Annotation in the context of Daedalean’s software development means labeling images to make the objects on them recognizable to computer vision. To learn to ‘see’ and categorize objects, a neural network needs to be fed millions of pre-labeled images. The team processes them in full compliance with the strict requirements imposed by RTCA DO-200B, a standard used by EASA, the FAA, and other aviation regulators to certify aeronautical data.
The annual KPI for the first year of the annotation team was to process 500,000 images. But they delivered twice as much—a million images by the end of the year (including reannotation for uniformity and regulatory compliance). This was achieved thanks to the carefully designed work processes, high level of automation, specialized customized software tools, and regular training. The tools they use have, in part, been developed within Daedalean and tailored to the industry requirements.
Why has this job proven too tricky for third-party annotators?
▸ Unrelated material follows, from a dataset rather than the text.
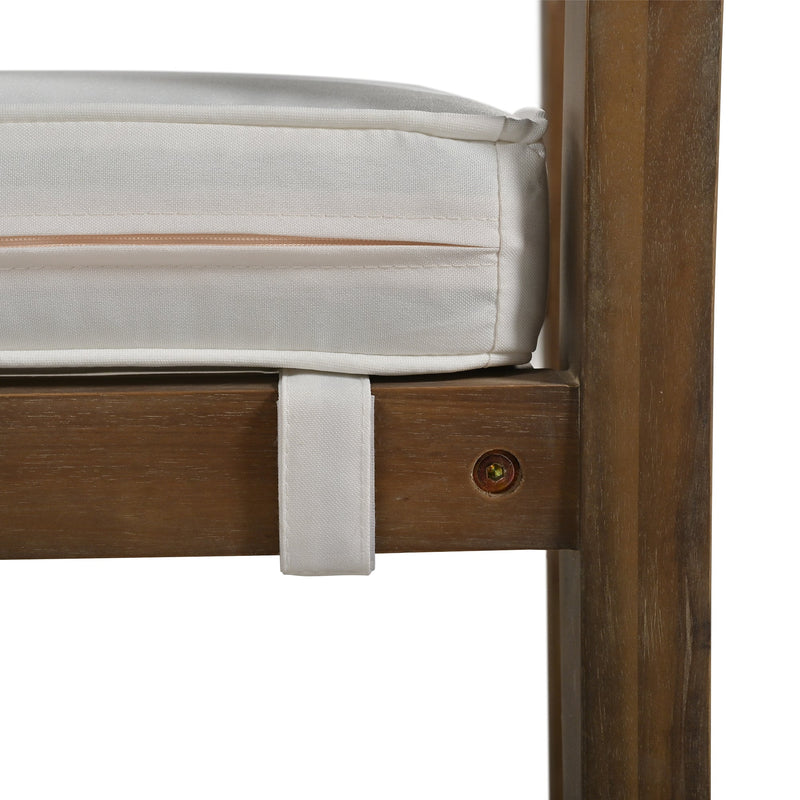 Acacia Wood Outdoor Dining Table And Chairs Suitable For Patio, Balcony Or Backyard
Lack of specialized knowledge
In software development for aerospace products, knowledge of the subject area is very important, especially in safety-critical fields. This requirement applies to data annotation, too: annotators should not only follow some set of formal instructions — they need to understand what they are seeing from a subject matter point of view. For example, an airport runway has a lot of designations unknown to a person not working in aviation. During landing, the flight control software will be guided by the ‘knowledge’ based on the data fed to it during the training process. That means that the accuracy of identifying the exact borders of the runway in flight will depend on the work of the annotators, on how accurately and thoroughly they identified the runway designations and labeled them on the images.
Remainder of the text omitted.